Data records:
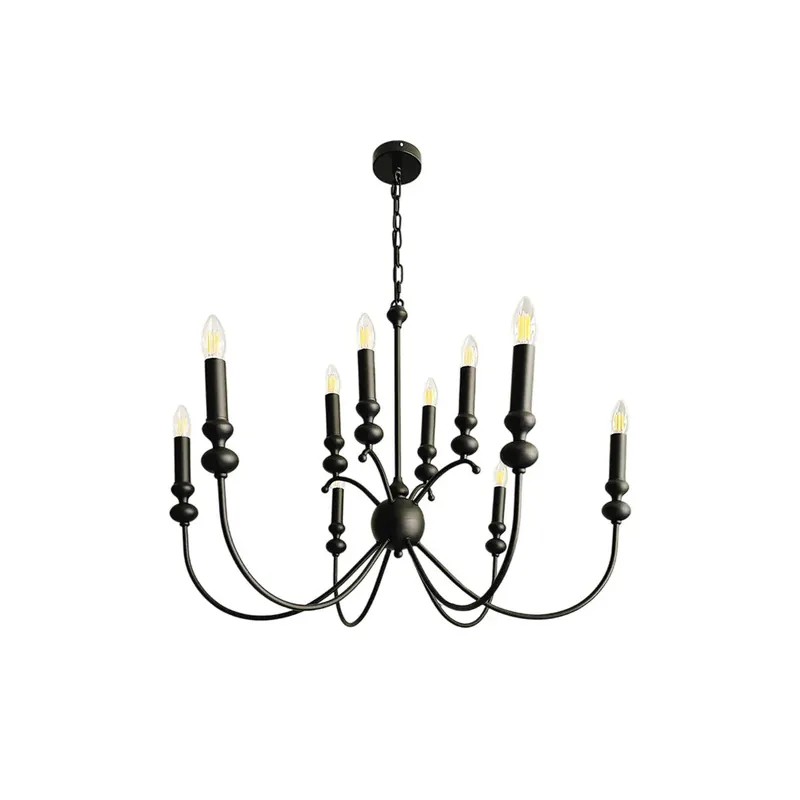 Crest Vintage Industrie Schwarz Kronleuchter Must-Have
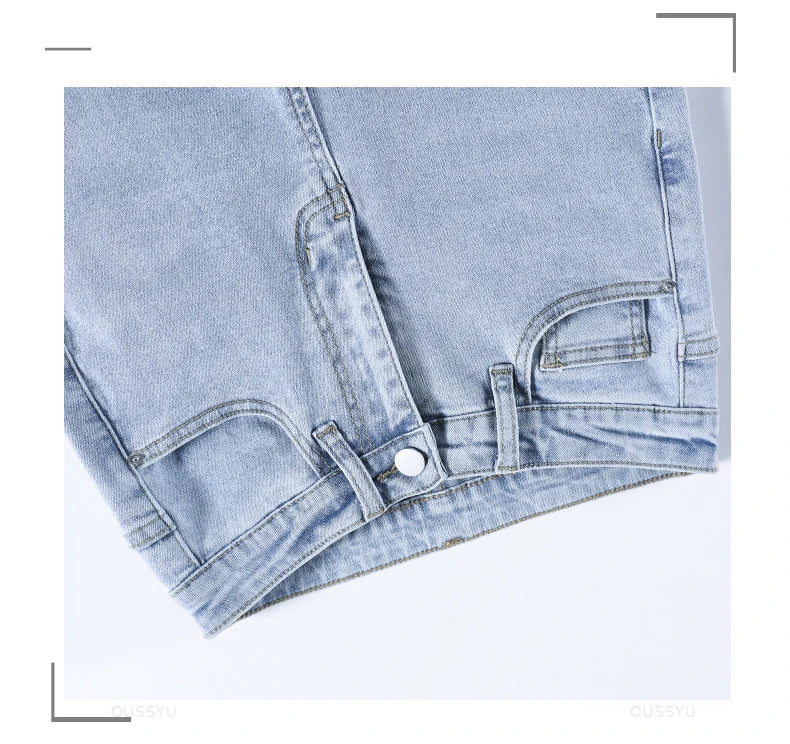 Flared Jeans Woman High Waist Denim Trousers For Female Blue White Black Elastic Skinny Fashion Classic Leisure Wide Leg Pants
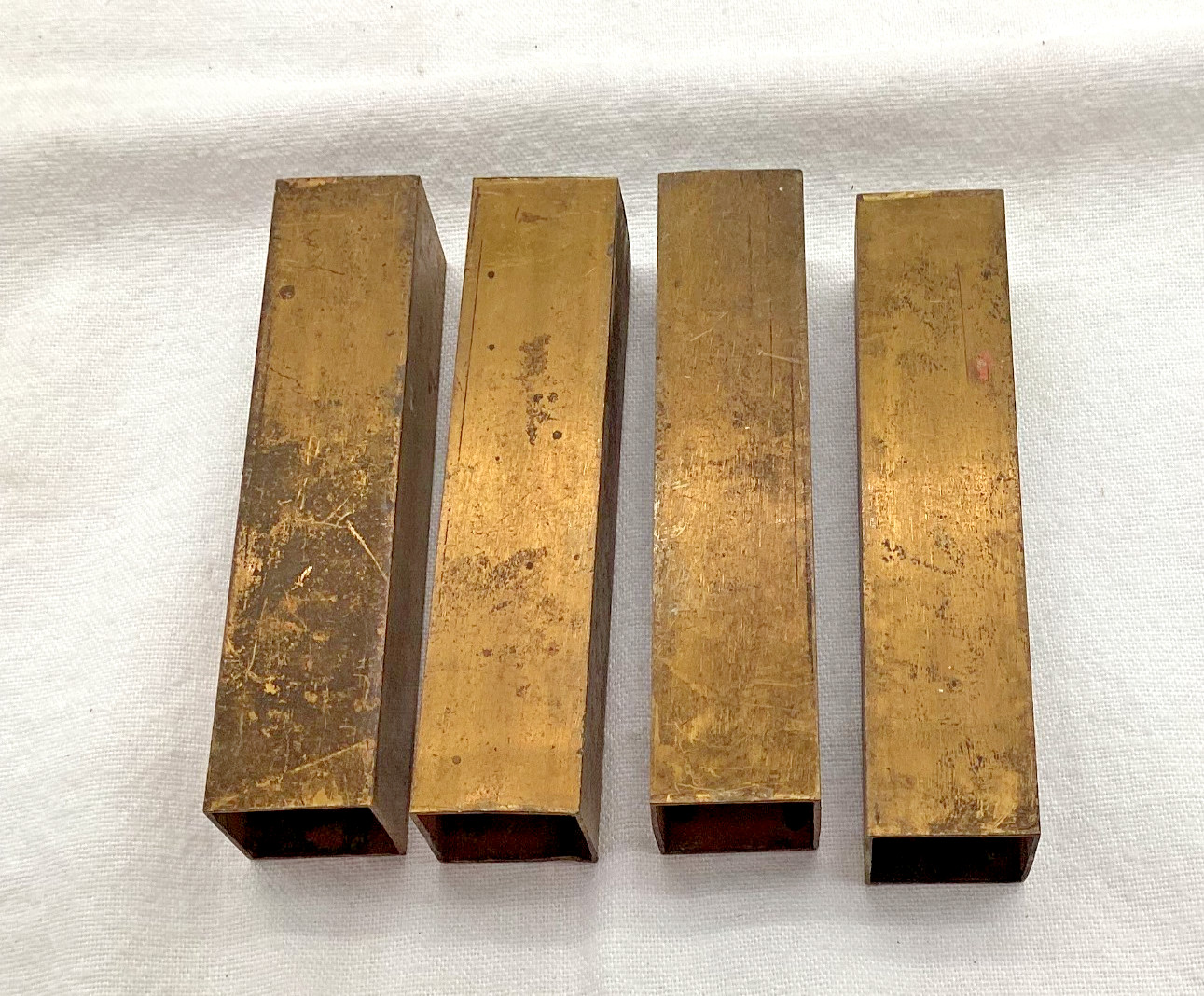 Antique – 4 Pieces Arts & Crafts Style Brass Square Tubing 15/16” dia. #5101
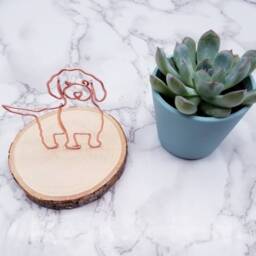 Wire Cavapoo Sculpture, Dog Memorial On Basswood Coaster - thumbnail 3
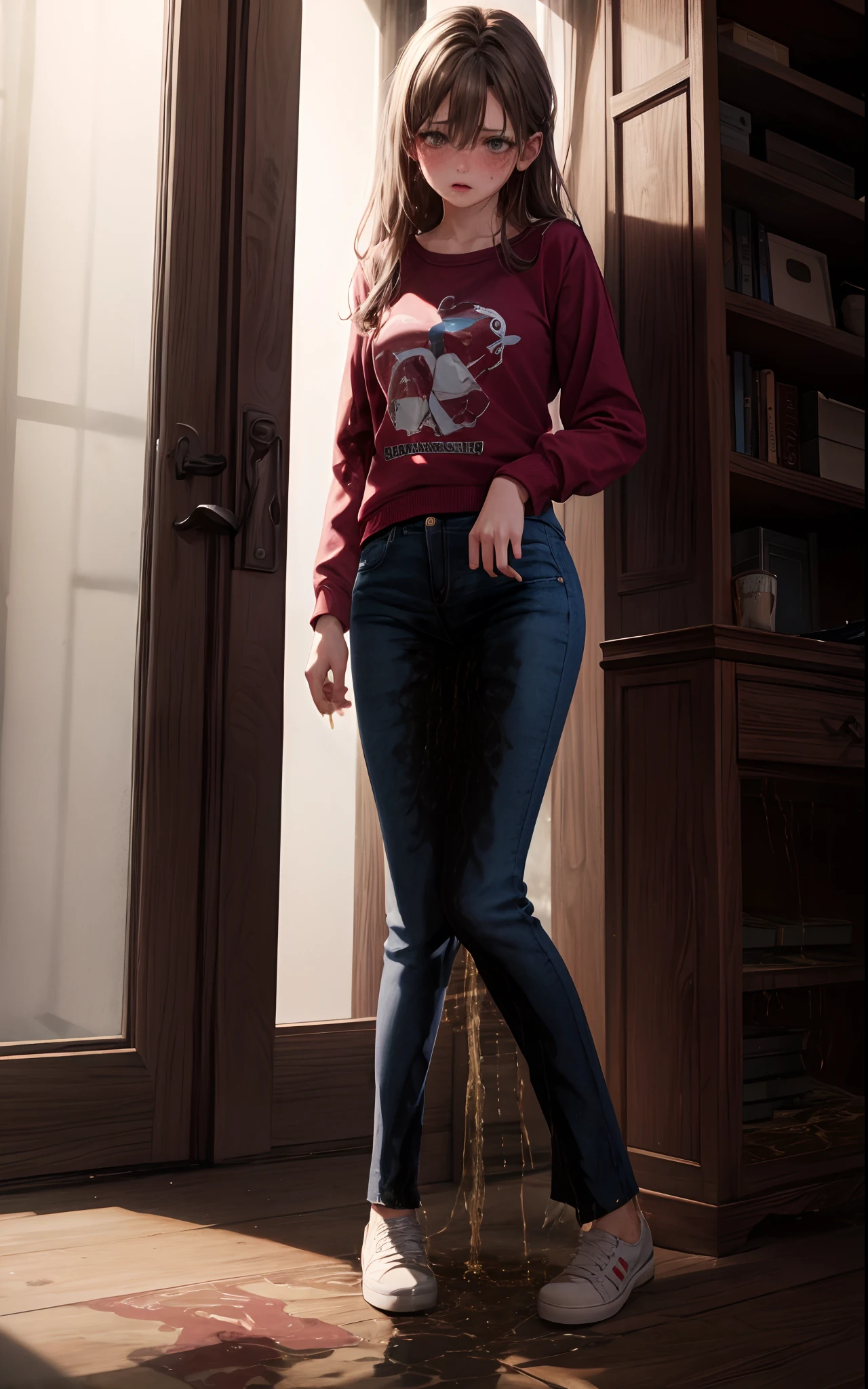 RAW photo, best quality, masterpiece, extremely delicate and beautiful, extremely detailed, 8k wallpaper, highres, realistic, 8k, soft lighting, high quality, cinematic lighting, (2girls), 20 years old, blue jeans pants, full body shot, blush, worried, ((((((pee stain))))))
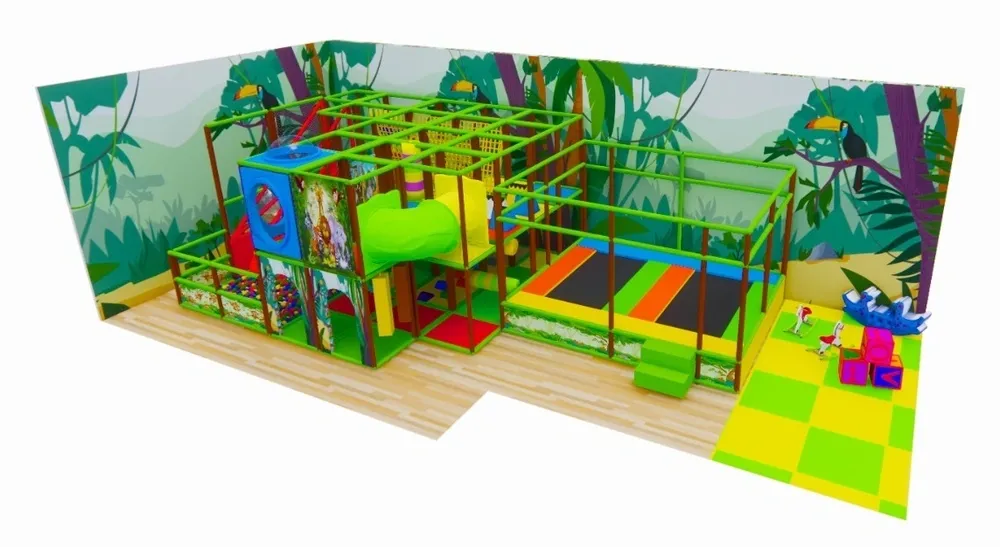 Dětské vnitřní hřiště se dvěma trampolínami, skluzavkou a tunelem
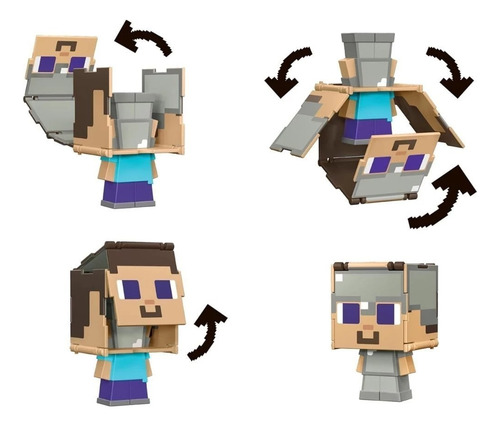 Cartela Exclusiva Minecraft 4 Bonecos Transformáveis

Goal of the exercise = Give the lines above again exactly, from the one containing "Wire Cavapoo Sculpture, Dog" to the one containing "RAW photo, best", both included, but leave out the pictures.

Response area =
 Wire Cavapoo Sculpture, Dog Memorial On Basswood Coaster - thumbnail 3
 RAW photo, best quality, masterpiece, extremely delicate and beautiful, extremely detailed, 8k wallpaper, highres, realistic, 8k, soft lighting, high quality, cinematic lighting, (2girls), 20 years old, blue jeans pants, full body shot, blush, worried, ((((((pee stain))))))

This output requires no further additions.